Last Coin

Area: Hispania Citerior: Arekorata (Numantia)
Period: Late 2nd Cent. BC
Denomination: AR Denarius/ Drachm?
Obverse: Male head right, wearing beaded necklace; pellet in circle behind.
Reverse: Horseman galloping to right with couched spear; Iberian 'arekorata' below.
Reference: ACIP 1775; CNH 26; Heiss pl. xxxi, 1–2; Vives pl. xl, 11; GCV 34
Weight: 3.4 gms
Diameter: 18.3 mm

Numantia

The history of Numantia is linked to the insurrections of the Celtiberians against the abuses of the Romans: the first of importance was in 197, which caused Cato to attack the towns of the Meseta; disturbances again occurred in 193 when the Arevaci helped the Vetones, Vaccaei, and Lusitani, causing Tiberius Sempronius Gracchus to attack them in 180. He defeated them near the Moncayo and reached a peace agreement which lasted until 154, the date of the great rising of the Celtiberians and the Lusitani. The insurrection began in Segeda (Belmonte), and Q. Fulvius Nobilior moved against it with an army of 30,000 men. The Belli and the Titi took refuge in Numantia with their chieftain Caros. Nobilior razed Segeda and in August 153 advanced on Numantia. He was fiercely attacked by the Celtiberians, defeated at Uxama (Osma) and Ocilis, and forced to take refuge in the Renieblas camp, where he spent the winter of 153-152 B.C. He relinquished his command to his successor, M. Claudius Marcellus, who skillfully pacified the region. A peace treaty was signed in 151, which lasted until 143, despite the atrocities of Lucullus at Cauca (Coca) and elsewhere. In 144 the Viriathus rising ended in a peace agreement; Q. Caecilius Metellus, after conquering Contrebia, the Lusitanian capital, and the tribes in the Jalon valley, laid waste the territory of the Vaccaei and attacked the Arevaci who took refuge in Numantia and Termantia (142). The war was resumed in 137 by C. Hostilius Mancinus, who was roundly defeated and capitulated, but the Senate again refused to recognize the peace agreement and left the Roman general to the mercy of the Numantians, naked, shackled, and on his knees before the walls of the town.
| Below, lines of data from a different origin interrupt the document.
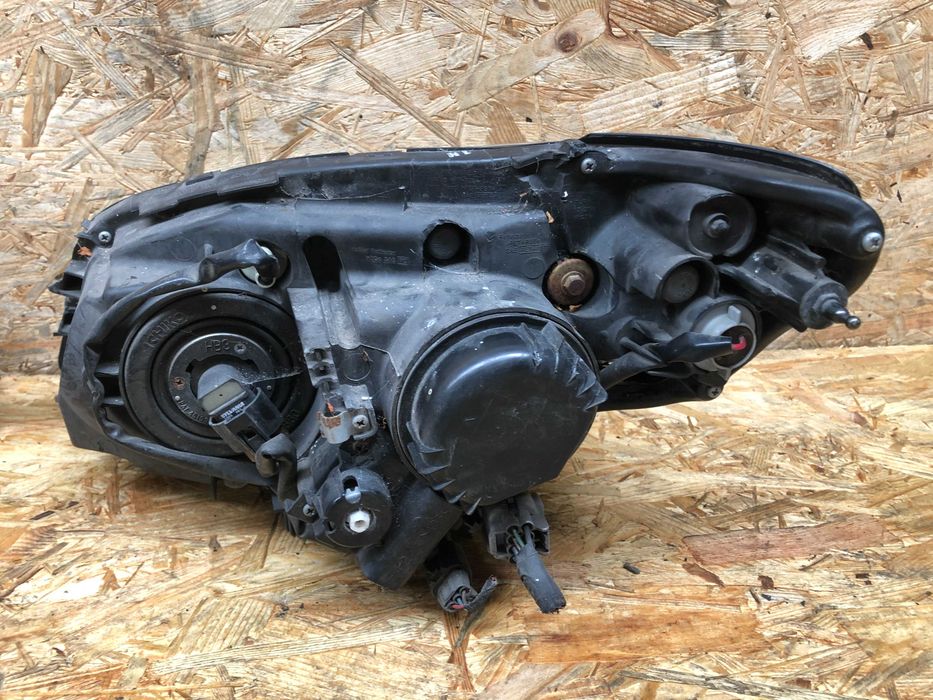 Lampa/reflektor przedni subaru impreza gh 2007r xenon
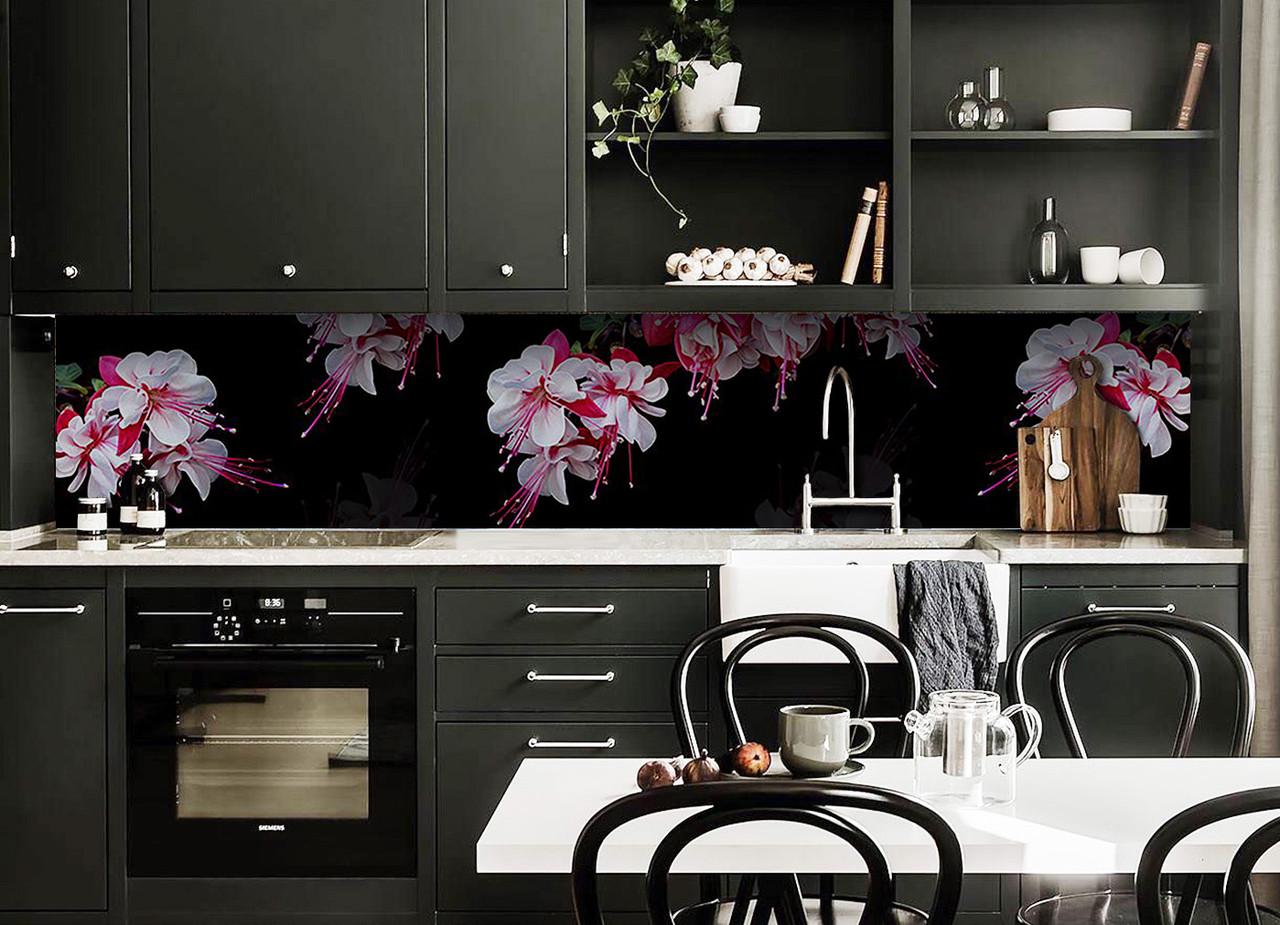 Кухонный фартук Свисающие розовые цветы тычинки из самоклеющейся виниловой пленки 65х250 см Черный
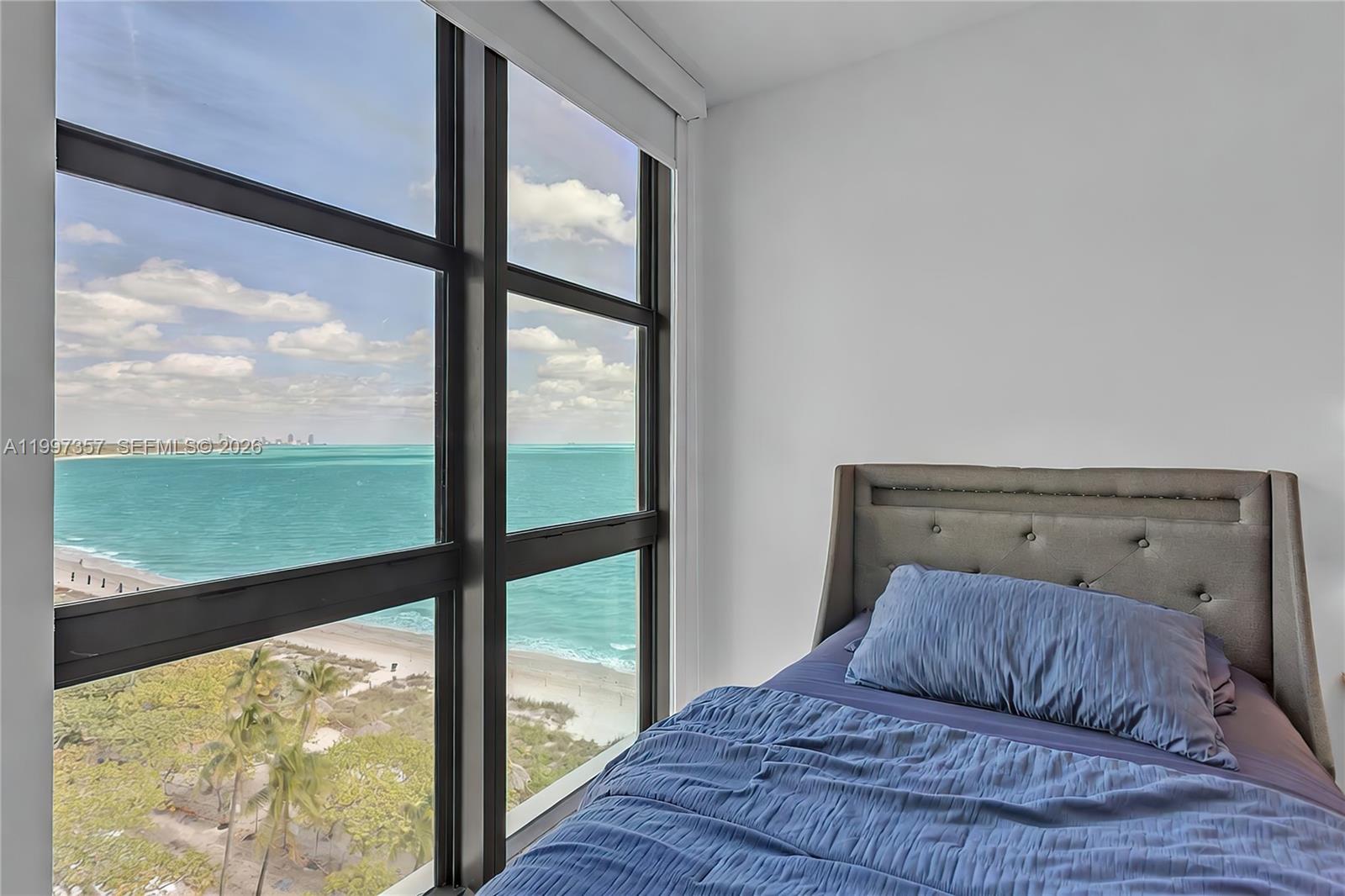 TOWERS OF KEY BISCAYNE CO - Residential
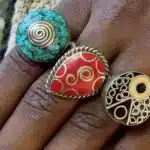 Bague artisanale cabochon de corail rouge gravé de spirales dorées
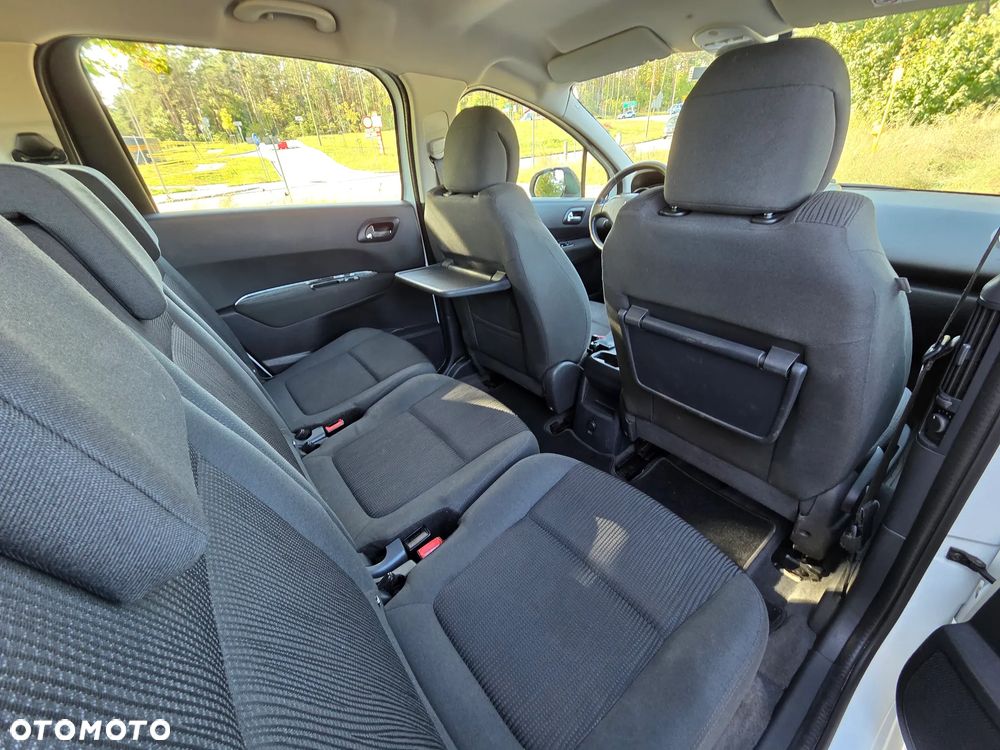 Peugeot 5008 - 8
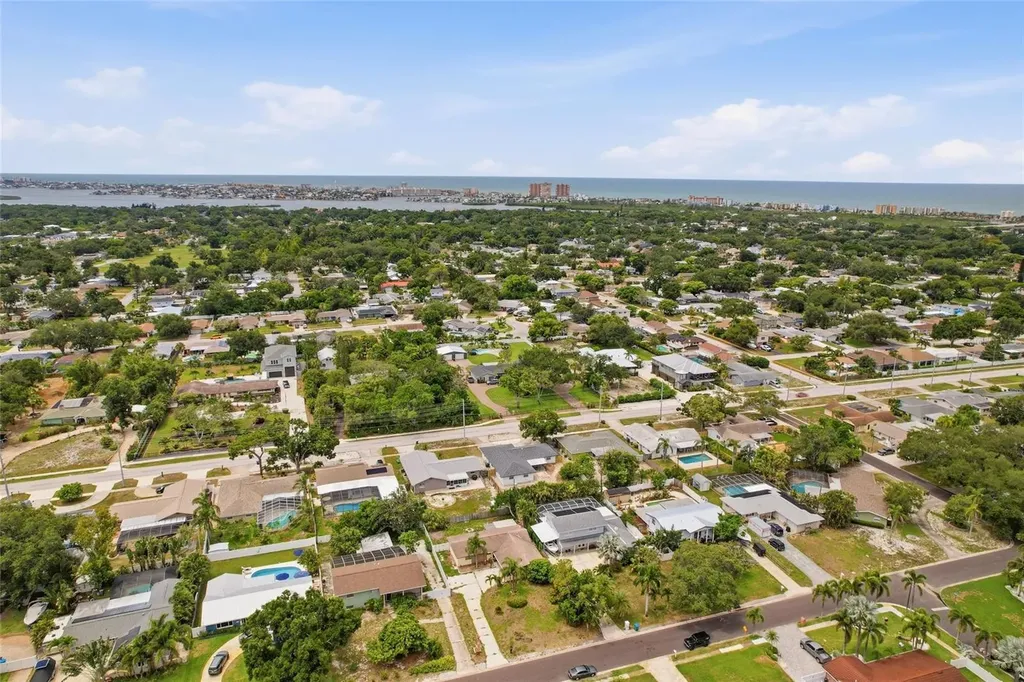 13341 86th Avenue Seminole FL 33776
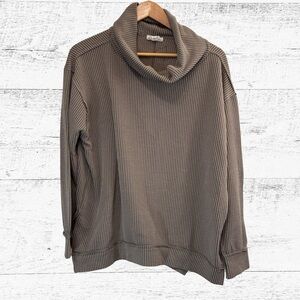 ANDREE BY UNIT brown Turtleneck Sweater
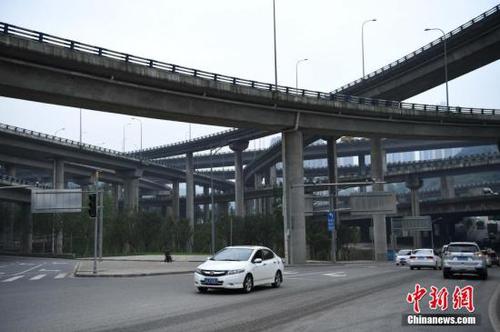 5月31日,，不少車輛穿梭在已經(jīng)完工的重慶黃桷灣立交橋上,。據(jù)悉，黃桷灣立交橋有五層結(jié)構(gòu),、15條匝道向8個(gè)方向延伸而去,，被譽(yù)為“重慶主城最復(fù)雜立交”。陳超 攝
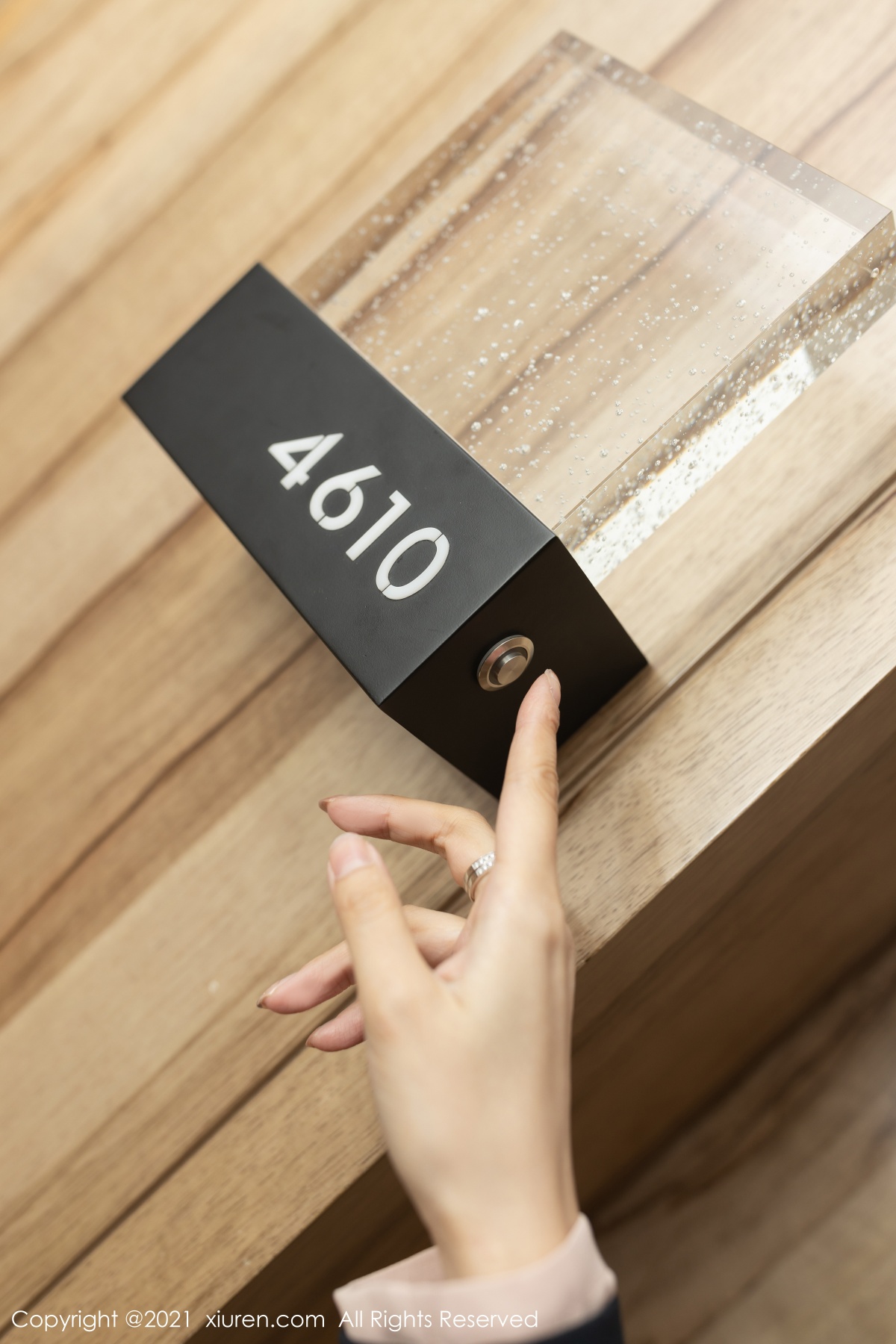 秀人 [XIUREN] 2021.08.02 Angela00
Finally in 134 Publius Cornelius Scipio Aemilianus reorganized the demoralized army, seized supplies from the Vaccaei, and blockaded the hill town with a circumvallation 9 km long, supported by six camps, with wall, ditch, and towers. Against the 10,000 Numantians, of which only 4000 were under arms, Scipio deployed 60,000 men, elephants, slingers, and Jugurtha's Numidian archers, cavalry furnished by Spanish auxiliaries, and 300 catapults. But it was hunger which finally defeated Numantia. Scipio refused to accept any terms other than unconditional surrender and the laying down of arms, so the defenders burned the town and most of them killed themselves. Only a few surrendered. Numantia was reduced to ashes in the summer of 133, after a nine-month siege, and reconstruction of the town was forbidden. In the triumph Rome gave to Scipio in 132, so poor was Numantia that only seven denarii could be distributed to each soldier.